Hey You, Try Taking A Bath

    Because you can't read a book in the shower.

    I know all the arguments. Baths are time-consuming, water-wasting, glorified petri dishes of your own filth, and anyone old enough to read this is probably much too tall to fit in one anymore. Besides, especially in a real estate disaster of a city like New York, chances are you don’t even have a bathtub; if you do, it’s probably all cracked and sinister and covered in scum. You’re a grown-up! You have places to be! And when you get there, you better be squeaky clean.

    This is exactly why we need baths. BECAUSE they’re inconvenient, selfish, and slow, not in spite of it. They’re a way to inject some much-needed luxury into your otherwise boring hygiene routine. They cost nothing. They are best enjoyed alone. What else in this world fits those criteria? Very little.

    (First, a caveat: baths are not the best way to cleanse yourself. A bath is best enjoyed at night, I think, when you’ve already showered in the morning. Or whatever! I don’t know you, I don’t know your life. But I think it should be an addendum — even a spontaneous one — slotted into a period of time that could benefit from a treat.)

    Baths are semicolons in the all-caps run-on sentence that is modern life.

    The real beauty of a bath is how it allows you to multitask. Sure, you can enjoy a shower beer, but any drinking receptacle with a mouth wider than a bottle or can is going to get diluted right quick. A bath doesn’t have that problem. Have a glass of wine! Have a margarita! Get crazy and have a milkshake (booze optional)!
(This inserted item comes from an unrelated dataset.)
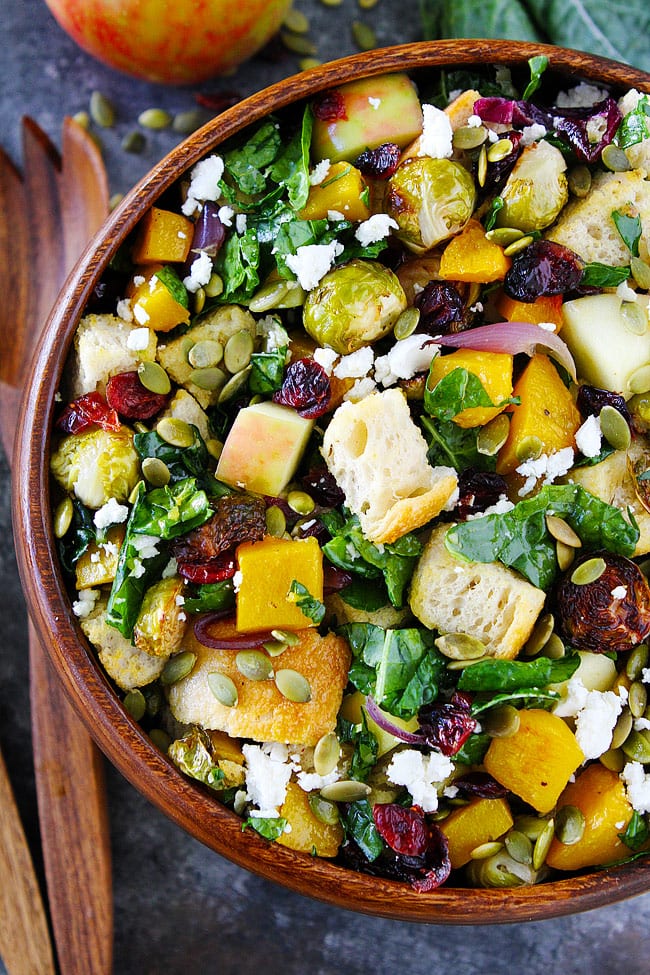 Fall Salads for Thanksgiving: Fall Panzanella Salad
A box of chocolates is a nice touch if you want to complete that fancy-lady-in-a-Nancy-Meyers-movie #aesthetic, so long as you take care not to drop any bits in the water.
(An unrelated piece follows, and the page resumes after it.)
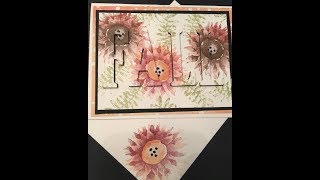Stampin' Up Painted Harvest "Eclipse Technique" card super simple!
    And the main reason I got into taking baths in the first place is because you can read in them. All of my favorite books have telltale wavy pages from when I have accidentally submerged them, and it feels like a badge of honor. (Do not try this if you are primarily a Kindle user, because either you will die or your device will.) It’s a good reason to keep my tub clean, which is really not so hard with some baking soda and a few spare minutes. It makes me feel like an adult, to have a tub I feel comfortable submerging myself in most, if not all, of the time, the same way I feel like an adult because I no longer have the impulse to buy new underwear when I run out of clean ones*.

    Baths are semicolons in the all-caps run-on sentence that is modern life. They give us a chance to pause, to look down at our soapy boobs ‘n’ balls floating on the surface of the water, to catch up on our New Yorker cartoons and books we lied to our book clubs about finishing. To remember what it was to be suspended and blameless, and to remind us that we have the power, however briefly, to get back there.

    *Sometimes I have the impulse to buy new underwear when I run out of clean ones.